Conversely, shots from beyond 10 yards have proven to result in a goal once every 15 attempts. It is quite clear that not all attempts are equal, despite the boxscore tallying them in the same fashion. "Outshooting" your opponent takes a back seat to generating more high-quality opportunities when it comes to winning games.
Distance from goal is a major factor when determining the likelihood of a shot being scored, but it's obviously not the only factor. Attributes such as whether the shot resulted from a header or a direct free kick can positively or negatively influence this measurement. Headers, for example, decrease shot efficiency no matter their location. Set pieces, both directly and indirectly on goal, generate chances that are about twice as good as their open-play equivalents.

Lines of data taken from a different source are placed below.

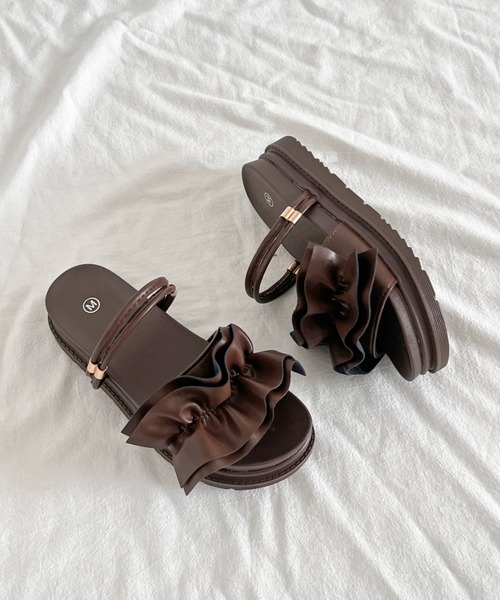 Shoes in Closet（シューズインクローゼット）の「軽量厚底  2WAY ボリューム ラッフル / フリル サンダル 6908（サンダル・レディース・ブラック/アイボリー/ライトピンク/ライトベージュ/グリーン系その他2/オフホワイト/ブラック×ブラック/ダークブラウン・LL/S/M/L/3L/XS）」の15枚目の写真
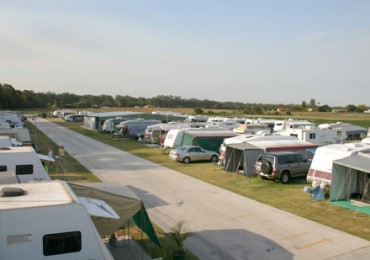 caravan-park-main.jpg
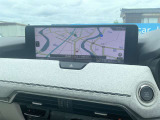 マツダコネクトの12.3インチワイドセンターディスプレイです。『Android Auto』『Apple CarPlay』や独自のコネクテッドサービスに対応したインターフェイスシステムです。
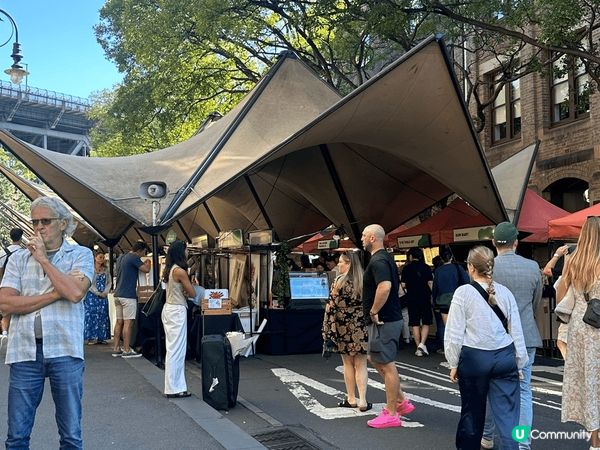 The Rocks Market係悉尼其中一個特色嘅週末市集...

By evaluating many of the qualifiers that Opta collects on a per-shot basis (and deriving a few more), a predictive shooting model can be constructed using a simple logistic regression. By attaching a probability to every shot taken in the the last two seasons, we can get a glimpse into the types of shots that are being generated league-wide.

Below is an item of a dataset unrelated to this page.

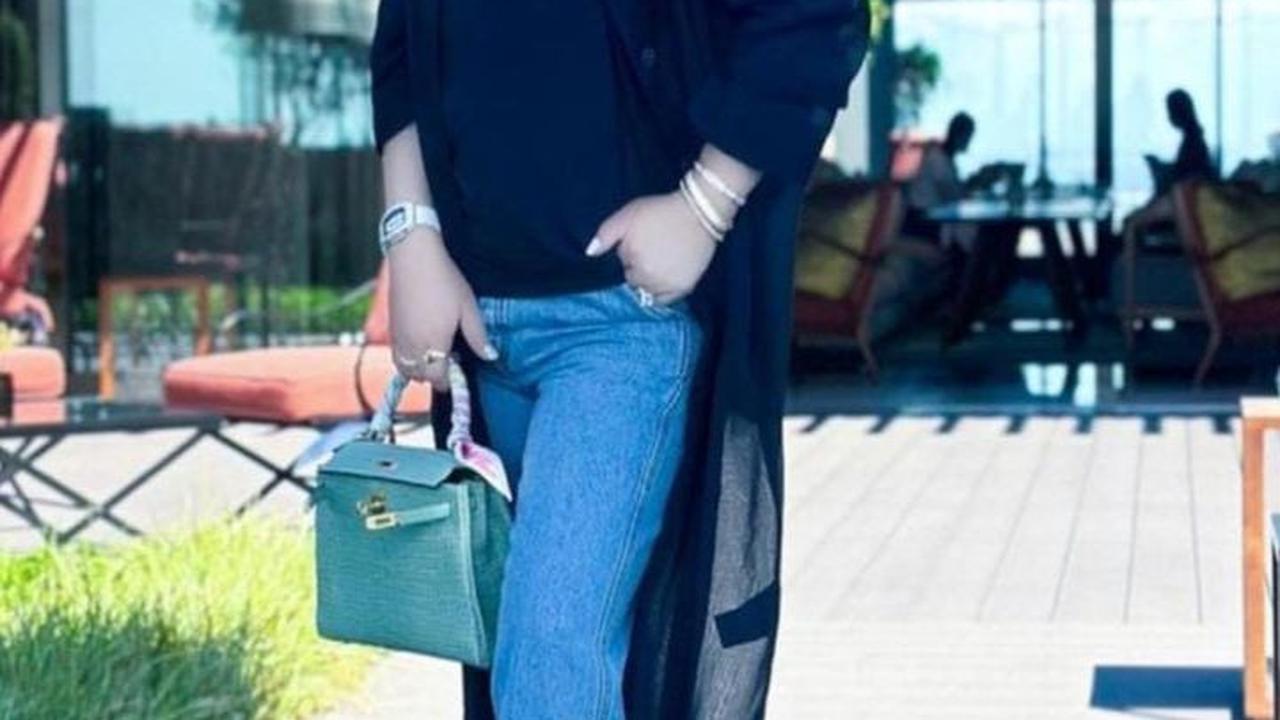 Bukan kali pertama, di beberapa kesempatan Syahrini juga tampak menenteng tas dari berbagai merek kenamaan seperti Hermes, Prada, Louis Vuitton, dan brand terkenal lainnya.

(Foto/Instagram@princessyahrini)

The truth of the matter is this: Players are pretty terrible at selecting shots. 85 percent of shots taken so far in 2013 were projected to have less than a 10 percent chance of resulting in a goal. These shots account for only 44 percent of the goals scored this season, and the majority of these "bad shots" are speculative drives from considerable distances.

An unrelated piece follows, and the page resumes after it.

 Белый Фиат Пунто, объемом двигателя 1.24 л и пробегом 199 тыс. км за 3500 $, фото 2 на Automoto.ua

A slight caveat, though, is that these shots aren't always "bad" in an absolute sense. Sometimes, shots of this nature are the only realistic option in a particular situation, and other times they do, in fact, lead to a favorable deflection or save for a dogged second attacker in the box. And honestly, when you are chasing a game, it's in your best interest to speculate. But, no matter if these shots have some sort of favorable justification, they simply don't have a good chance of directly resulting in a goal.
Naturally, we become curious about which teams are attempting more of these "good" shots on a regular basis.
|TEAM||GOOD SHOTS PER GAME||PERCENTAGE OF GOOD SHOTS|
|Real Salt Lake||2.17||16.5%|
New York find themselves on the top of the table, propped up by the shoulders of Tim Cahill and the sheer volume of solid headed chances that the Australian has generated. Removing headers, New York drop down the table drastically.
A high ranking for the Philadelphia Union is a bit of a surprise given Jack McInerney's summertime scoring drought. But, under closer investigation, the volume and quality of McInerney's chances hasn't fluctuated – it's his ability to convert that has regressed (to perhaps a more sustainable rate).
Perhaps the most interesting insight is the ranking of Sporting Kansas City, who take good shots about half as often as their rivals among the top of the Eastern Conference. But, this seems to be a trademark of SKC. They also attempted a relatively large volume of poor shots during their successful run in 2012.
Sporting are finding a way to convert low-efficiency shots by exploiting methods not captured by this shooting model. My guess is that SKC's pressing midfield helps jar the ball loose into situations that are more dangerous than other events that may occur in similar areas of the field.
This illustrates both the face value of this shooting model as well as value of approaching it with an adequate level of skepticism. Without the skepticism, we would wrongly assume that Sporting Kansas City's attack mimics those of Columbus and D.C. United. On the other hand, when realizing what factors the model does control for, we are able to flesh out New York's lopsided dependence on headers from set pieces.
Analytics is more than numbers in a table. It's the process of discovering patterns, filtering them and then effectively communicating them. Without this filter we will remain susceptible to interpreting noise in the data as truth.